───── Records provided ─────

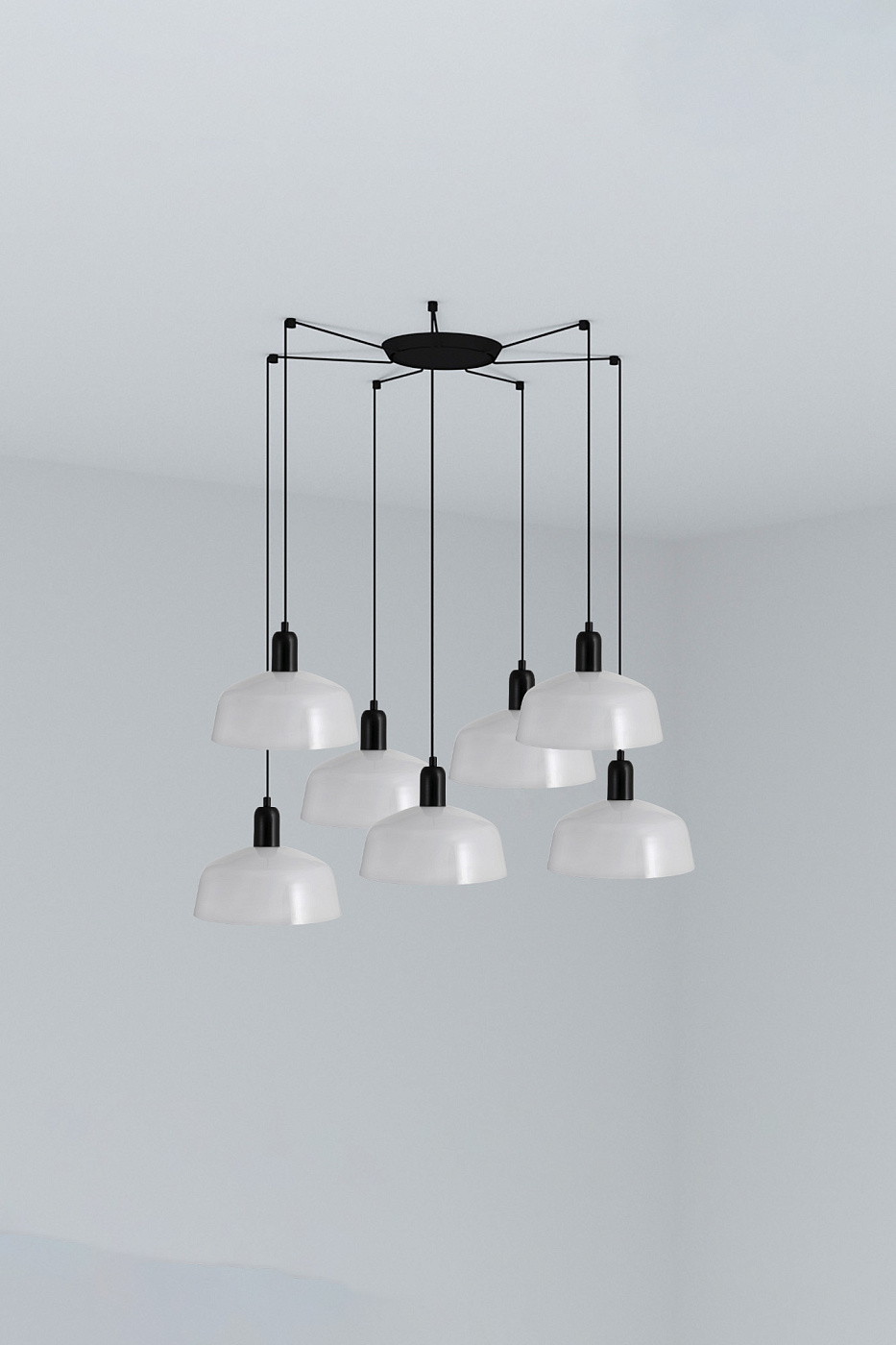 Подвесной светильник Tatawin M 7L белого цвета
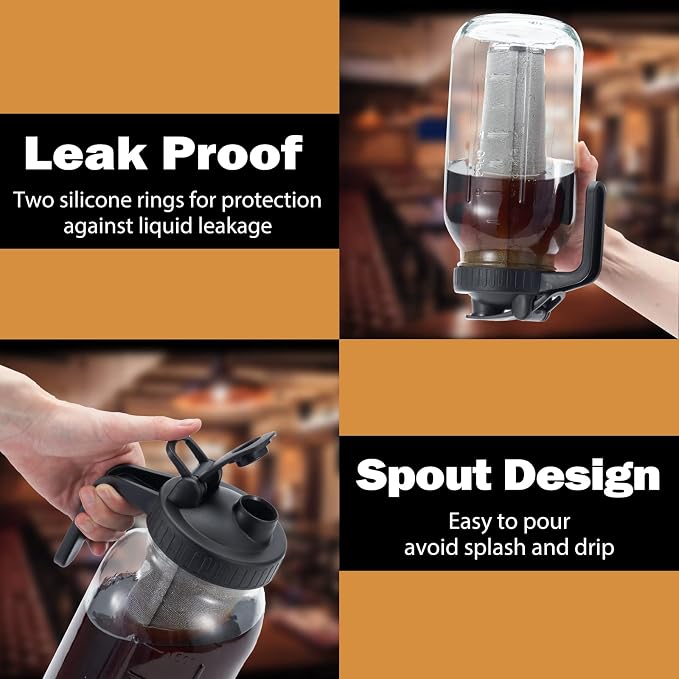 Cold Brew Mason Coffee Maker - 64oz Iced Coffee Pitcher - Image 4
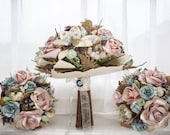 Vintage ephemera paper bridesmaids bouquet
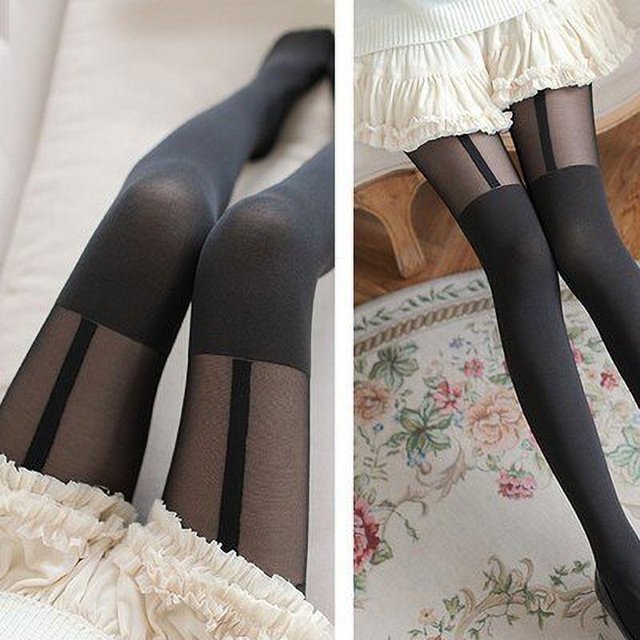 Pantimedias con patrón de gato y Luna, medias con estampado 3D de Anime, color blanco y negro, talla grande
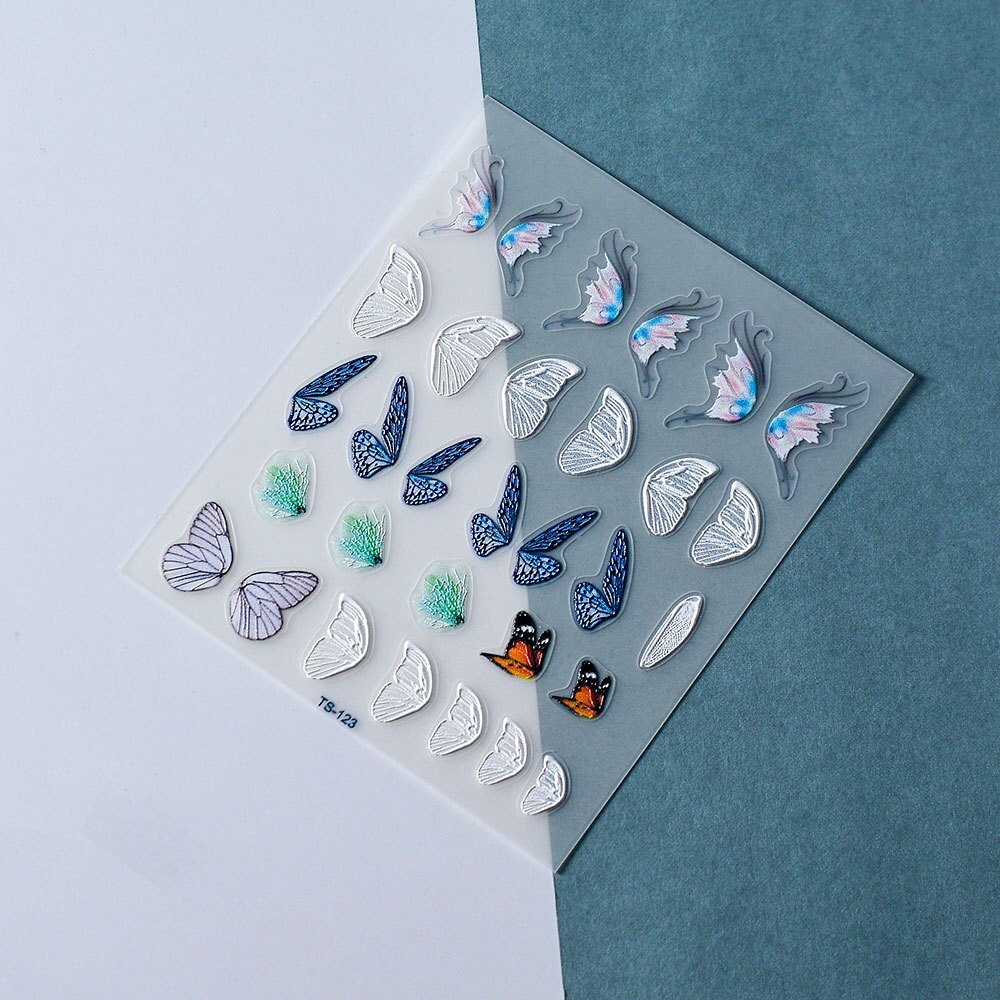 5D Embossed Butterfly Wing Nail Art Stickers Self Adhesive DIY TS123 NH27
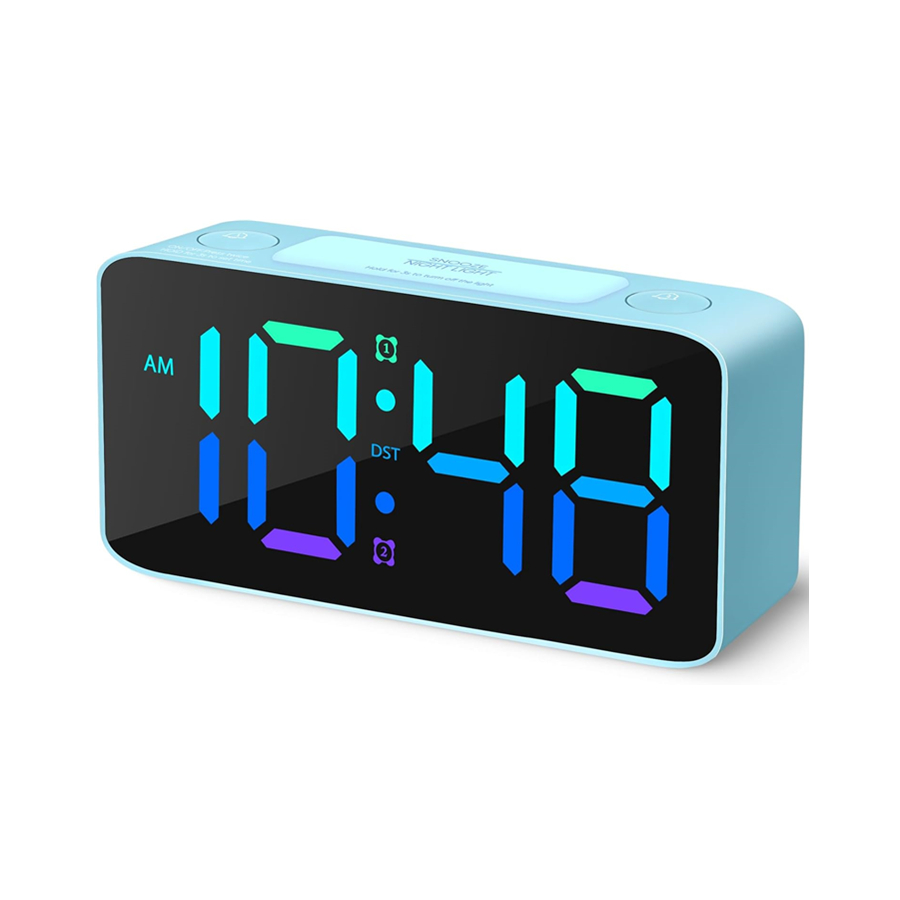 3 регулируемая яркость температуры даты Snooze красочный экран дисплей цифровой Ночной свет будильник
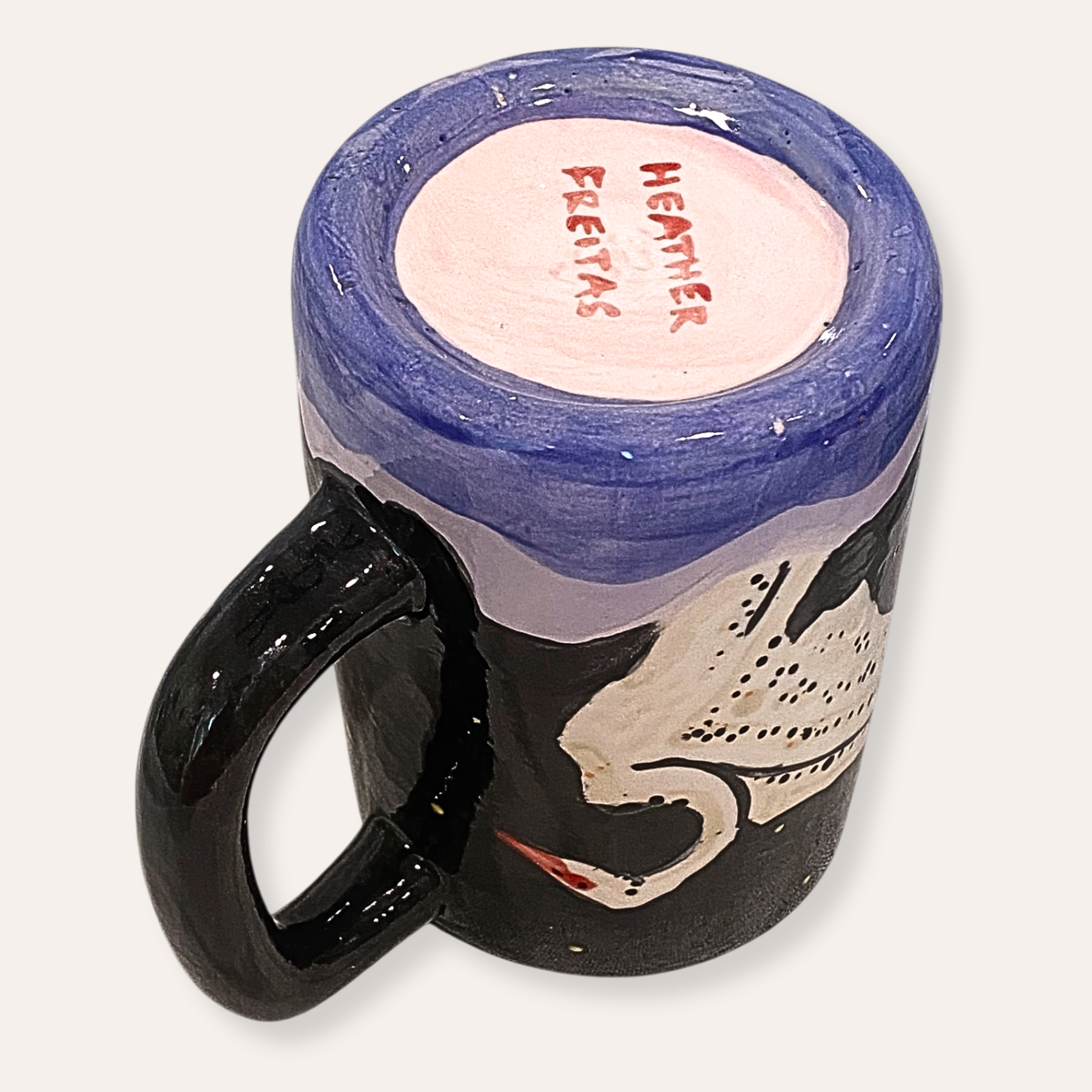 Black Swan Hand Painted 16oz Ceramic Coffee Mug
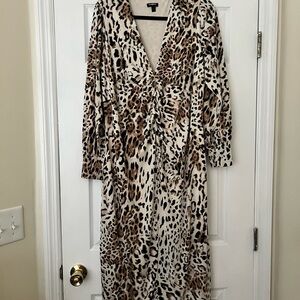 Express Leopard Print Midi Dress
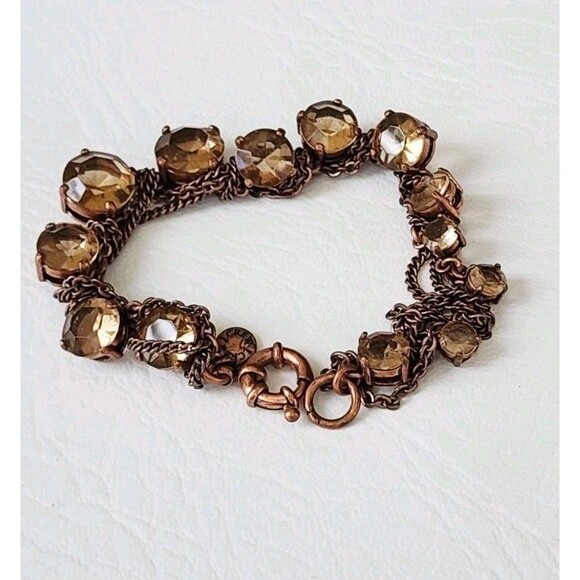 J. CREW MIXED CHAIN Glass Intertwined Brass Tone BRACELET 7.5 - Picture 3 of 5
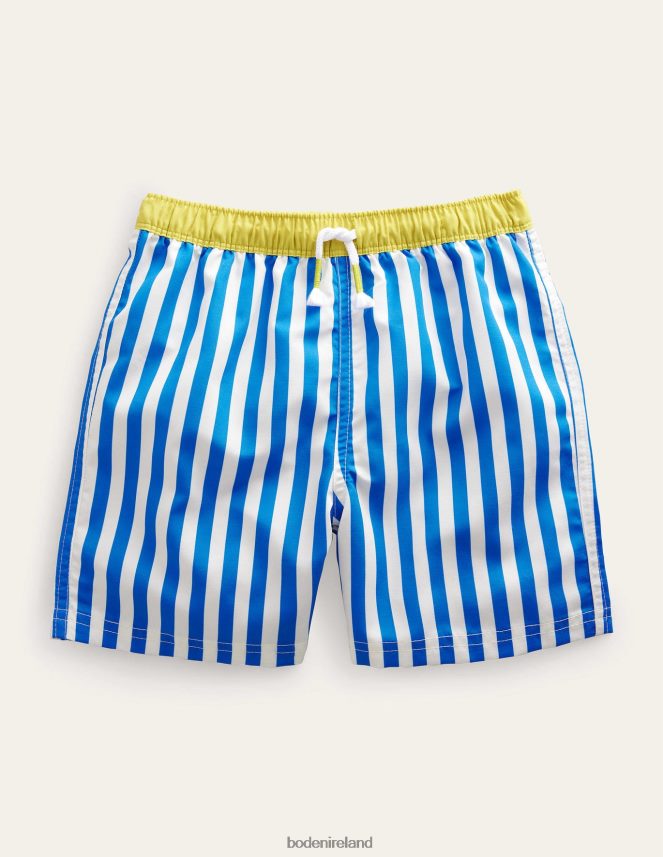 Blue Textured Stripe Clothing Swim Shorts Boden Baby L466L63321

─────

▸ The problem
Would you transcribe all of the data exactly, omitting any pictures?

▸ Answer to this exercise
 Подвесной светильник Tatawin M 7L белого цвета
 Cold Brew Mason Coffee Maker - 64oz Iced Coffee Pitcher - Image 4
 Vintage ephemera paper bridesmaids bouquet
 Pantimedias con patrón de gato y Luna, medias con estampado 3D de Anime, color blanco y negro, talla grande
 5D Embossed Butterfly Wing Nail Art Stickers Self Adhesive DIY TS123 NH27
 3 регулируемая яркость температуры даты Snooze красочный экран дисплей цифровой Ночной свет будильник
 Black Swan Hand Painted 16oz Ceramic Coffee Mug
 Express Leopard Print Midi Dress
 J. CREW MIXED CHAIN Glass Intertwined Brass Tone BRACELET 7.5 - Picture 3 of 5
 Blue Textured Stripe Clothing Swim Shorts Boden Baby L466L63321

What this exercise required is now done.